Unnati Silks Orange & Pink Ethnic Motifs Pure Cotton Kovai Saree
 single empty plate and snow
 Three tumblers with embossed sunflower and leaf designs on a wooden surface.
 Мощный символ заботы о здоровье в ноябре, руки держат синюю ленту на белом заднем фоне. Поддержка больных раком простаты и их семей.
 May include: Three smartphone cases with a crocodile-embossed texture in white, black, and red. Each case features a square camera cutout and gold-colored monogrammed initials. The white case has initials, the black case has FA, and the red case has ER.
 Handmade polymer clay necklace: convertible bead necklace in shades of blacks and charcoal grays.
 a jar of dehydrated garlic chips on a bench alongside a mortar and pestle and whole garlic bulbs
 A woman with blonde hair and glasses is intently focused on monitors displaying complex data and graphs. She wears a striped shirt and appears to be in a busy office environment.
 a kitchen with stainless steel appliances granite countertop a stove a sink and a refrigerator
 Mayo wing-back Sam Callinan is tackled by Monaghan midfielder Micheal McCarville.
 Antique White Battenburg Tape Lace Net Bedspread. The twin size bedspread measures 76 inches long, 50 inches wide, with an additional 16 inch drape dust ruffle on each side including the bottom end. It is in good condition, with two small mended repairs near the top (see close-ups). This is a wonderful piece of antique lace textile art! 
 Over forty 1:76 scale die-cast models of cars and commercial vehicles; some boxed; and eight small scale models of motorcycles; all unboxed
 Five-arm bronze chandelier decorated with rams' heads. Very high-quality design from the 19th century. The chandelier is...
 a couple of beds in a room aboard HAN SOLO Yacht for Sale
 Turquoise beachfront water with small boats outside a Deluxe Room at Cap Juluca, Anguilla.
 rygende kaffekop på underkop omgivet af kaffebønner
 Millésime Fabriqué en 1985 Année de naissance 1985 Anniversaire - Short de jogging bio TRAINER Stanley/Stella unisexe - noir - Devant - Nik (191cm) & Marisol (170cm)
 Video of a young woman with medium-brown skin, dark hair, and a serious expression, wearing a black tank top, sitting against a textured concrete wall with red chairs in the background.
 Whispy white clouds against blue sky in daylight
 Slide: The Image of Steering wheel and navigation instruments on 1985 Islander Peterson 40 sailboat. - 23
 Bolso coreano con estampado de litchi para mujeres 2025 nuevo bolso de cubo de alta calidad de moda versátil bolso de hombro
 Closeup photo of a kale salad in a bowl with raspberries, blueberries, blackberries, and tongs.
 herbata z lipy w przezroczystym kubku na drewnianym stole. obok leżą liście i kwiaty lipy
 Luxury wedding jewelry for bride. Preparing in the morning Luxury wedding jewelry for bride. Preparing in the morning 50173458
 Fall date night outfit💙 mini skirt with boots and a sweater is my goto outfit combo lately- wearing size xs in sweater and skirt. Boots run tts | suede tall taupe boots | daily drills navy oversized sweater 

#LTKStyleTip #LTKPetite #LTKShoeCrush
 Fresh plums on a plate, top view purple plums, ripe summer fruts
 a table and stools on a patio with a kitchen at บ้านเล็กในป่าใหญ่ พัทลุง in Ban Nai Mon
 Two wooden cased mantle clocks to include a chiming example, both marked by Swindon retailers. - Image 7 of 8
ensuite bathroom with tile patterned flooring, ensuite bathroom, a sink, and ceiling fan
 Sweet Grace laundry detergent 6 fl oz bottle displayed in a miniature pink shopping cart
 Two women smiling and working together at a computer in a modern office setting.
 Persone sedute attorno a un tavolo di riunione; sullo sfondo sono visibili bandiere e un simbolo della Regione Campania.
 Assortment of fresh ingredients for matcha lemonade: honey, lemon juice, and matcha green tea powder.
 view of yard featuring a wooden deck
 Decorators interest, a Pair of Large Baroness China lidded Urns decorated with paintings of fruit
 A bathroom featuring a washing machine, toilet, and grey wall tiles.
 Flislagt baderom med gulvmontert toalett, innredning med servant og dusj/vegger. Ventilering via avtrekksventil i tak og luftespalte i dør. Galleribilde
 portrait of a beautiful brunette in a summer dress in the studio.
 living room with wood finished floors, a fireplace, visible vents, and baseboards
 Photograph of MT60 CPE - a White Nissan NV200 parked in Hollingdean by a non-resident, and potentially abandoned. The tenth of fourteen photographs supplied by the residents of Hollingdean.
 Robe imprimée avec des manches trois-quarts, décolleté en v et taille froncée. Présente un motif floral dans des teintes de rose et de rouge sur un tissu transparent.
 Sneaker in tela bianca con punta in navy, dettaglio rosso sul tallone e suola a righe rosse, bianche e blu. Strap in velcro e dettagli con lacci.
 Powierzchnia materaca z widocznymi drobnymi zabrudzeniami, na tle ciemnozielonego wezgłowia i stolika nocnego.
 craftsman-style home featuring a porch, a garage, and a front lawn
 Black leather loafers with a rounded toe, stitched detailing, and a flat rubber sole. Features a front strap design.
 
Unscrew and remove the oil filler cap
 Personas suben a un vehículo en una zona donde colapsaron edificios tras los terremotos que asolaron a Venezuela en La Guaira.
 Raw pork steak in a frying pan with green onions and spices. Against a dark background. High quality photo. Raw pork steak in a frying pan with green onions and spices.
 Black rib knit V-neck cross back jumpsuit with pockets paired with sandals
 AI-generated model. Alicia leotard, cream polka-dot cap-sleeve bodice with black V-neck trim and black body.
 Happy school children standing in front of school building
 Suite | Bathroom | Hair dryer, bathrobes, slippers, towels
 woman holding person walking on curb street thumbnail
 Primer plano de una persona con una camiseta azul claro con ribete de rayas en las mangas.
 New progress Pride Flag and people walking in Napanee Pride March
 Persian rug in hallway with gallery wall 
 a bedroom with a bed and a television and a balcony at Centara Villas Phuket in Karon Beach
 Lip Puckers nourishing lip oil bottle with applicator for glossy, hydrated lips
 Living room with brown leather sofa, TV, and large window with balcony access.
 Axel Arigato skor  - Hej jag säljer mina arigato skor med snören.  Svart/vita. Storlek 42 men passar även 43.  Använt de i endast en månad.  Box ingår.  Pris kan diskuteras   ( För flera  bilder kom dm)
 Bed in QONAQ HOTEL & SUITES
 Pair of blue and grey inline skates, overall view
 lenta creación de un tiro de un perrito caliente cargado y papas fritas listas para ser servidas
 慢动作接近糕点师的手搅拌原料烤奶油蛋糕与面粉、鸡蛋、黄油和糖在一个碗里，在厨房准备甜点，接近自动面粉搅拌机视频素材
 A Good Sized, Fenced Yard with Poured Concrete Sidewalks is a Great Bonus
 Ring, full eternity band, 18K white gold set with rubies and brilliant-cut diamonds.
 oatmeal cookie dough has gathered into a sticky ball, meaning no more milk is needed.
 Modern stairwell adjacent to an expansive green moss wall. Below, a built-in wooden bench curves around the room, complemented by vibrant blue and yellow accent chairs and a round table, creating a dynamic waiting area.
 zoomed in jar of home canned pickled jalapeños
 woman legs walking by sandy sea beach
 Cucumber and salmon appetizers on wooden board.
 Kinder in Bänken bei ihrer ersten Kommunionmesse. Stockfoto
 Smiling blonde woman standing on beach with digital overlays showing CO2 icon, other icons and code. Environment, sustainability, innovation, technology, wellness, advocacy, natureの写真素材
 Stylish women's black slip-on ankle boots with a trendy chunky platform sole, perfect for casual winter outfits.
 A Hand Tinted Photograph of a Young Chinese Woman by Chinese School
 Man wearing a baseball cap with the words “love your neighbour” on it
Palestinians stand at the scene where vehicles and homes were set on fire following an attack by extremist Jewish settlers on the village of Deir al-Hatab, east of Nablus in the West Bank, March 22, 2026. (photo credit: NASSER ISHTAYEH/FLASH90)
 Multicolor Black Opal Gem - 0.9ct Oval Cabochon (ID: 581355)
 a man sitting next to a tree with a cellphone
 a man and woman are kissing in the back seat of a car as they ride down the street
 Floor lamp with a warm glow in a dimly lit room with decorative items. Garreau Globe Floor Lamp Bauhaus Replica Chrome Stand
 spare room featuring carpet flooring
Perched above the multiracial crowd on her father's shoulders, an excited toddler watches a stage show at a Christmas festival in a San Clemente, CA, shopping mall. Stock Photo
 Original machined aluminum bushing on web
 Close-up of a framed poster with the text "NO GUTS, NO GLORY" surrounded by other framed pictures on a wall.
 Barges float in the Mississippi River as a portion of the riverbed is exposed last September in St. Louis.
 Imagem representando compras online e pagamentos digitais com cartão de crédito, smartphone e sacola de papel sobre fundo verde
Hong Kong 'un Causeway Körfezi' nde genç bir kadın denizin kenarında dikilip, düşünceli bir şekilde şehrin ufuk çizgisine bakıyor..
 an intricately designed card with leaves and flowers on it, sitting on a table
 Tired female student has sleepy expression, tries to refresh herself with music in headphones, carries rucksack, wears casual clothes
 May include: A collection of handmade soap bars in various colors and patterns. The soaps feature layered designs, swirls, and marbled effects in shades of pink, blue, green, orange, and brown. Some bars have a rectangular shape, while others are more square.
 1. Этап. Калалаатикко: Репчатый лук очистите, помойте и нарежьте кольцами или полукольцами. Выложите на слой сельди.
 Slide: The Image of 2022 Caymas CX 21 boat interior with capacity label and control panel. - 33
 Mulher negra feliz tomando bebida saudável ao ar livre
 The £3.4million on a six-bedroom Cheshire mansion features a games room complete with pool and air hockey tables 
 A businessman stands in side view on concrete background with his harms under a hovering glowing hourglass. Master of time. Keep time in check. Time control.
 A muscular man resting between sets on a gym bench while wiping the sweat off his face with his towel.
================
What is being asked: Restate, word for word and without additions, every line from the top of the listing above through the line that contains "a jar of dehydrated".

Exercise output:
Unnati Silks Orange & Pink Ethnic Motifs Pure Cotton Kovai Saree
 single empty plate and snow
 Three tumblers with embossed sunflower and leaf designs on a wooden surface.
 Мощный символ заботы о здоровье в ноябре, руки держат синюю ленту на белом заднем фоне. Поддержка больных раком простаты и их семей.
 May include: Three smartphone cases with a crocodile-embossed texture in white, black, and red. Each case features a square camera cutout and gold-colored monogrammed initials. The white case has initials, the black case has FA, and the red case has ER.
 Handmade polymer clay necklace: convertible bead necklace in shades of blacks and charcoal grays.
 a jar of dehydrated garlic chips on a bench alongside a mortar and pestle and whole garlic bulbs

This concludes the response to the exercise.